Sunday, July 27, 2008

Radio jock’s words about autism send local man flying

As soon as Wayne and Shea Adair learned about the words spoken by radio “shock jock” Mike Savage about autism on July 16, the couple knew they too needed to take to the air.

The Adairs are parents to six chidren, including a 4-year-old son with autism. Wayne, who is a full-time dad and part-time pilot running a small business flying advertising banners over Reno, and Shea, a nurse at Renown Medical Center, were angry when they read the transcript of Savage’s comments in an e-mail from the Reno Autism Information Network.

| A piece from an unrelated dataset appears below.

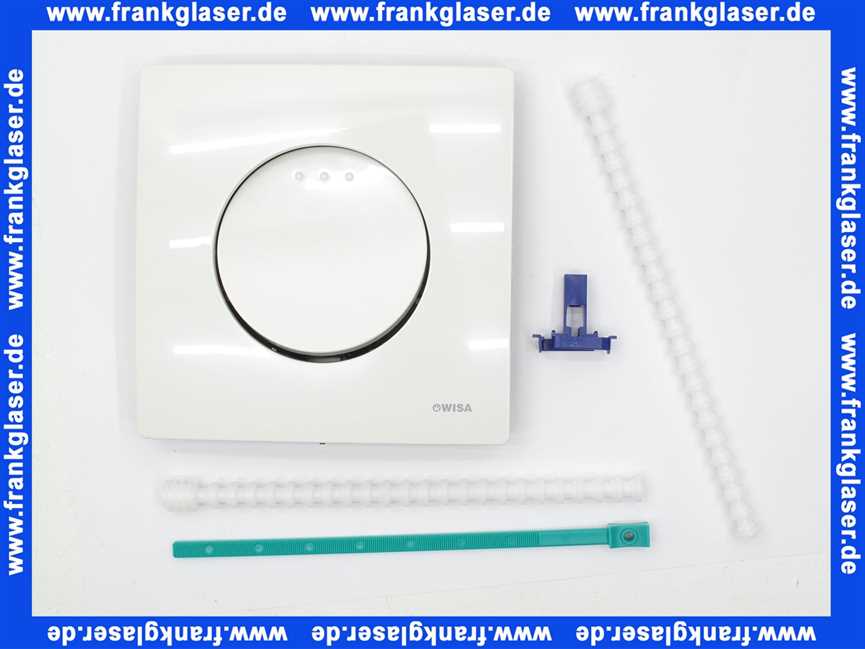 Schwab Bedienungsplatte Enyo SU, weiß Spülunterbrechung, für UP-SPK Quadro 8050416801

“As soon as I read my e-mail at work I called (Wayne) and said, ‘OK, we have a banner to fly,’ ” Shea said.

In his broadcast, Savage called autistic children “brats” and that the condition is the “illness du jour.” He said autism is the result of bad parenting.

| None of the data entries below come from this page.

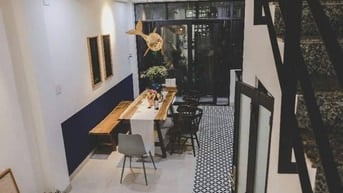 🎇CHO THUÊ NHÀ SẴN NỘI THẤT 5PN, 4WC - QUẬN BÌNH THẠNH 💥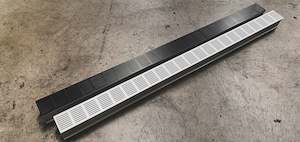 Ssl: Ultra Drain Plus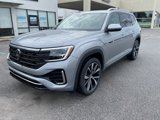 New 2025 Volkswagen Atlas SEL Premium R-Line image 3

So, Wayne put together a few choice words of his own that he pulled behind his plane across the sky above Reno and Sparks on Wednesday.

“My son has autism. Mike Savage is an idiot.”

“Guys like Mike need to use their mouthpiece for positive change,” Wayne said outside the hangar where he keeps his plane at the Reno-Stead Airport. “But he’s using it for propaganda. He’s trying to shock people and he did.”

"This shock jock guy can reach 8.2 million people across the nation,” Shea said. “We can reach at least a few thousand.”

Wayne said Savage’s “ignorant comments” have resulted in a positive backlash. The National Autism Association demanded an apology and some groups called for Savage to be fired.

“Autism is a very serious condition that greatly impacts the lives of those affected,” said NAA board member Lori McIlwain in a written statement online at “Many children with autism experience tremendous physical pain from underlying pathologies, which accounts for the screaming this person callously dismisses. To have an uneducated opinion about autism is perfectly within one’s right, but to earn a living by shock-value exploitation of children’s suffering, while suggesting they should be called ‘idiots,’ is disgraceful.”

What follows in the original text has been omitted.